Créer ne guérit pas tout.
Mais créer peut parfois nous aider à survivre.
Lorsque l’on traverse des épreuves difficiles, il arrive que les mots manquent.
Les émotions sont là. La colère est là. La tristesse est là.
Mais il est impossible de les exprimer directement.

L’art offre alors un autre langage.
Pour certains, ce sera l’écriture. Pour d’autres, la peinture. La danse.

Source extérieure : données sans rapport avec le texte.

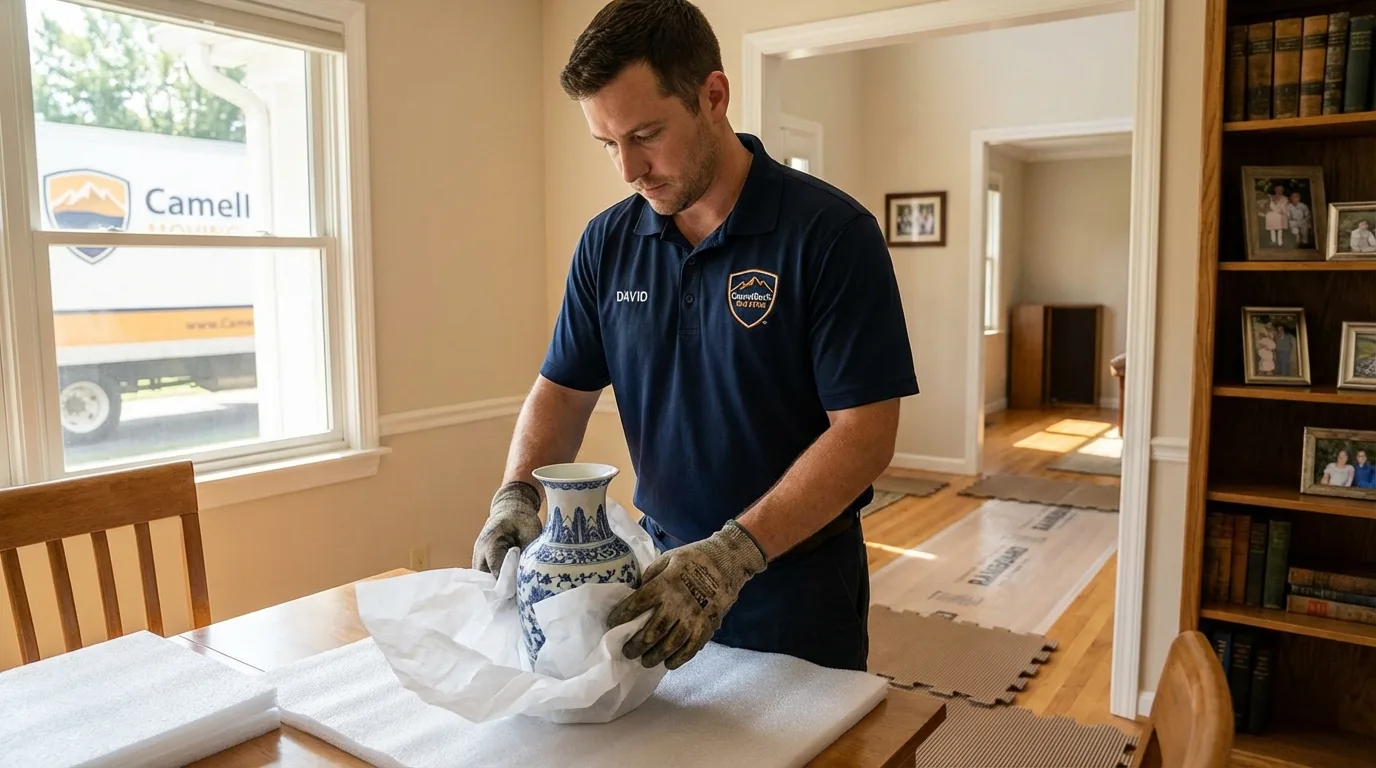 Professional crew carefully wrapping antique vase for senior downsizing move in Mattituck, NY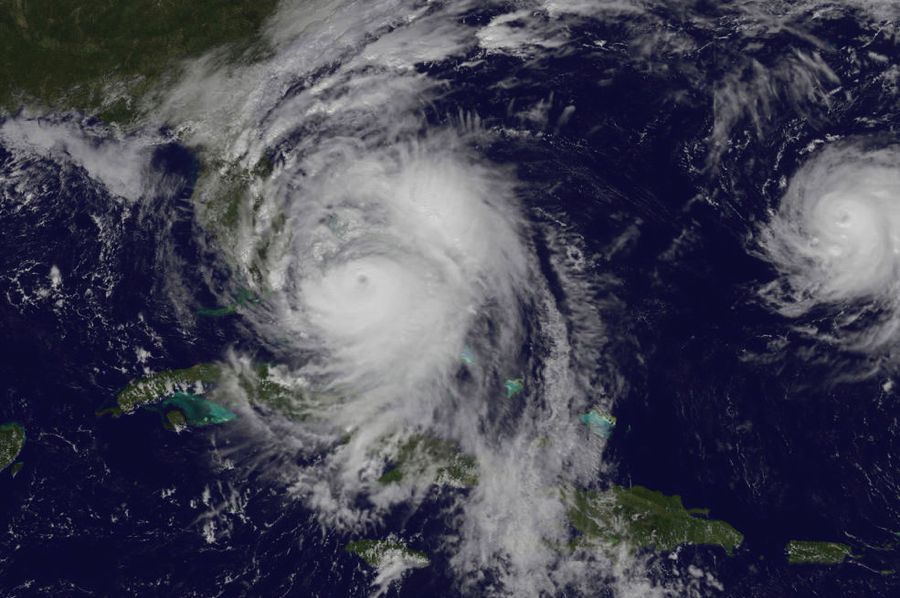 A satellite view of Hurricane Matthew at about 1 p.m. ET on Oct. 6, as the hurricane regained Category 4 status. (NASA/NOAA GOES Project)
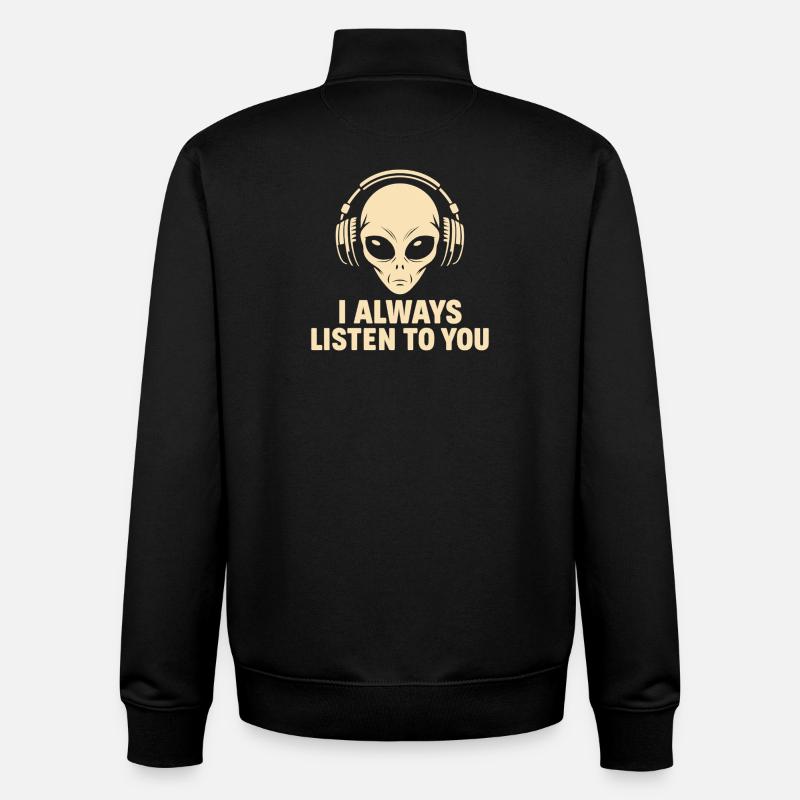 extraterrestre avec des écouteurs - Sweat zippé unisexe en coton bio Stanley/Stella - noir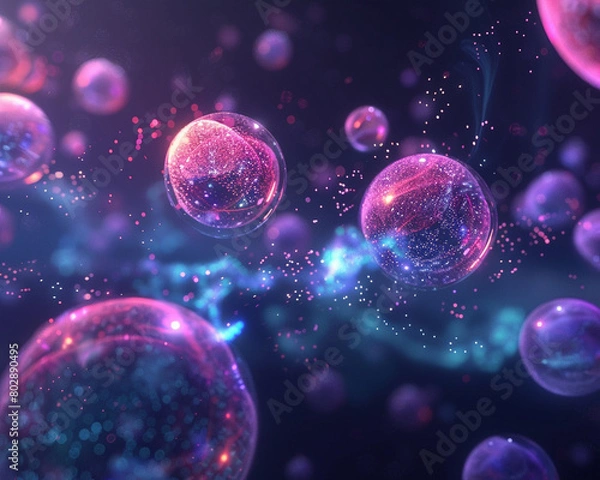 Fototapeta A dreamlike landscape of floating data orbs representing medical breakthroughs in science,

La photographie.
Ou la musique.

Transformer sa douleur en création ne signifie pas embellir ce que l’on a vécu.
Cela signifie lui donner une forme. Une place. Une existence.
Lorsque j’écris une chanson, je ne cherche pas à raconter les événements de manière factuelle.
Je cherche à traduire ce qu’ils ont laissé en moi.
Les émotions. Les questions. Les contradictions. Les espoirs.

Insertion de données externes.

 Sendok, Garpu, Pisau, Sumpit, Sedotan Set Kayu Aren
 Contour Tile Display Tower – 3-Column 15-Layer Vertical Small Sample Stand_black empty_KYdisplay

Créer permet parfois de reprendre un pouvoir que l’on pensait perdu.
Lorsqu’on a subi certaines situations, on a souvent le sentiment que notre histoire nous échappe.
Avec la création, nous devenons à nouveau auteurs.
Nous choisissons les mots. Les images. Les mélodies.
Nous décidons de ce qui sera transmis.

Cette transformation ne fait pas disparaître la douleur.
Mais elle lui permet de devenir autre chose.
Une chanson. Un poème. Une œuvre. Un message.
Et parfois même une rencontre.

Car l’une des choses les plus extraordinaires dans l’art est sa capacité à créer du lien.
Un texte écrit dans la solitude peut toucher une personne à des centaines de kilomètres.
Une chanson peut mettre des mots sur ce que quelqu’un n’a jamais réussi à exprimer.
Créer, c’est souvent tendre la main sans savoir qui la saisira.

Aujourd’hui, si ma musique parle de résilience, ce n’est pas parce que je prétends avoir toutes les réponses. C’est parce que je sais à quel point il est précieux de rencontrer une œuvre qui nous aide à nous sentir moins seuls.

Transformer sa douleur en création, ce n’est pas effacer son passé.
C’est décider qu’il ne sera pas le dernier mot de notre histoire.

Ana.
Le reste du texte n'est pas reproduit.